1:30 AM and we are driving down a dusty desert road.  The music has been turned down to an imperceptible volume to help us accurately track our mileage.

 Rapping out of the pothole.  Photo: Craig Armstrong

Rapping out of the pothole.  Photo: Craig Armstrong

24.5 and then turn right.  7.1 miles later, turn right again. Take a slight left 0.1. miles after that. Follow this road 6.6 miles and make another right. 0.5 miles later, stay left and 2.5 miles later keep an eye out for the canyon.

After we felt that we were sufficiently lost in Robber's Roost, the road emptied onto a wide patch of slickrock.  200' later, the road ended.  This was not a case of the road subtly coming to an end with a posted sign; the road ended with a 120' drop into the start of Alcatraz Canyon.  We set up camp nearby and rested up for our adventure the following day.

Saturday morning, we drove the truck up to the edge of the road, blocked off the tires, set up a rappel from the frame of the truck and dropped into the canyon.  We meant to get some pictures, but just before we dropped in, about 40 people in ATV's and trucks rolled up and the cats were nervous from all the loud machines and people nearby.  Once we made it down into the canyon, we moved quickly until the ATVs and drones were out of earshot and then took a moment to relax.
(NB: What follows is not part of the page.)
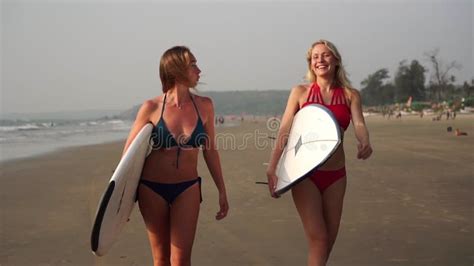Two Women Surfers In Bikinis Walk Along The Beach With Surfboards Stock Footage Video Of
 Stemming down with Kenneth Photo: Craig  Armstrong

Stemming down with Kenneth Photo: Craig  Armstrong

Alcatraz Canyon is known for the tight constrictions occasional difficult or technical sections.  We encountered a few small pools, but no water that was too deep to easily avoid.  Kenneth did a great job staying calm on my shoulders as we crossed these pools.  For the constrictions, sometimes Kenneth would hang on to me as I shimmied through, other times, if I could see the floor below, he would walk through the narrows down low as I would climb up higher where I fit a bit easier.  Of course, I always kept him on leash when I was even remotely worried that there was an area he could access that would be too small for me.
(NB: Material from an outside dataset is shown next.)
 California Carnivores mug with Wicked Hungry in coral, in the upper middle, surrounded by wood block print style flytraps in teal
On the hike out, we employed our usual tricks which involve moving quickly between patches of shade in order to make sure that Kenneth and Millie were not overheated or overexerted.  we got back to the trailhead and our truck at 7:30pm - 8 hours after we initially dropped in.

Sunday was a legitimate rest day. We stopped at a neat patch of sand dunes to explore, but after about 20 minutes on the dunes, both Kenneth and Millie wanted to head back to the truck.  Although I have really enjoyed the solitude that we have had on the last few weekends, it was nice to run into a few friendly folks and trade stories and information for other neat areas to explore.

I am extremely grateful to have such open and like-minded partners for Kenneth and me in Craig and Millie.  Every weekend, the 4 of us are chomping at the bit to get out and explore somewhere new.  The pacing and agenda is always the same; keep the focus on the cats and do everything we can to help them explore and have an interesting day.  The cuddles that I get from Kenneth in the tent and now at home reflect how close the two of us have become.  I know that Craig and Millie also share an incredibly strong bond.  I cannot wait for more.